Study screening involved a comprehensive metabolic screening and baseline readings to assess glycated hemoglobin in participants who had previously consumed a low polyphenol diet. Participants were assigned to case (cinnamon supplement) and control (placebo) groups, after which the run-in phase began. This phase is characterized by polyphenol-retention of less than two weeks The beige diet (Included foods are usually beige in color and rich in simple carbohydrates). Participants should abstain from cinnamon and its products during this time.

After the run-in, the four-week intervention began. Participants were provided four grams of cinnamon (or an equivalent placebo) per day in the form of 32 cinnamon capsules (250 grams per day). Records of daily food intake were maintained, as was dietary compliance. Continuous glucose monitoring (CGM) was performed using an Abbott Diabetes Care Flash system. Any discomfort, particularly digestive or abdominal, was recorded and reported by the patient.

To further uncover the real-world benefits of cinnamon supplementation when the spice is commonly consumed as part of a meal, participants underwent oral glucose tolerance testing (OGTT) via an indwelling catheter inserted into the forearm.

Study results

Nineteen participants successfully met the inclusion criteria screening requirements and were enrolled in the study. Of these, one participant failed to complete the study (OGTT procedure-related discomfort) and was removed from analysis. Of the remaining 18 participants, 72% were female (m = 13) with a mean age and weight of 51.1 years and 84.6 kg/m.2, respectively.
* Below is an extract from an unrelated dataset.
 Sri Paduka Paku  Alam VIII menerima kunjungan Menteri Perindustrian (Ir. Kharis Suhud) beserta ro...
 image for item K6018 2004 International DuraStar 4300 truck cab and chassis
Computer-assisted assessment of variables across case and control cohorts found no parameters significantly different at baseline.

Continuous glucose monitoring (CGM) enabled a total of 694 participant follow-up days of data recording and 66,624 glucose readings. The results of this experiment revealed that peak glucose values ​​were significantly reduced in the case-cohort (Δ = 9.56 ± 9.1 mg/dL) compared to controls (Δ = 11.73 ± 8.0 mg/dL).

“Differences in glucose trajectories between cinnamon and placebo were robustly significant after controlling for age, gender, and HbA1c at baseline/systolic or diastolic blood pressure at baseline/systolic or diastolic blood pressure at baseline in a multivariable repeated measurement model (P < 0.001)."

The CGM results were validated and extended by the OGTT investigation, which showed that the area under the curve (AUC) values ​​in the cinnamon group were significantly higher by the end of the study compared to baseline readings at the beginning of the study. Baseline AUC values ​​increased from 31,885.1 to 43,592.9 over the four intervention weeks.

Encouragingly, adherence to capsule intake in both cohorts was high and indistinguishable (97.6 in the cinnamon group and 97.9 in the placebo group), validating the statistical weight of these results. No patient reported any worrisome adverse side effects during the study, and digestive symptoms were reported to remain relatively stable between cohorts during each follow-up trial.

Conclusion

In the current study, researchers used a double-blind, crossover trial of 18 obese and overweight American adults to investigate any potential relationship between cinnamon consumption and glucose homeostasis in these individuals. The study results showed that cinnamon significantly reduced fasting blood glucose levels in patients compared to controls (Δ = 9.56 ± 9.1 and Δ = 11.73 ± 8.0 mg/dL, respectively).

Postprandial glucose and insulin concentrations were not significantly different between cases and controls. However, trends in glucose modulation, particularly AUC values, changed faster, more dramatically, and beneficially in the case-cohort. Although the specific bioactive cinnamon-containing compounds responsible for these observations remain elusive, this study suggests that even 4 grams of cinnamon, consumed daily as a garnish or spice with meals, can improve prediabetes and reduce the risk of diabetes in overweight individuals.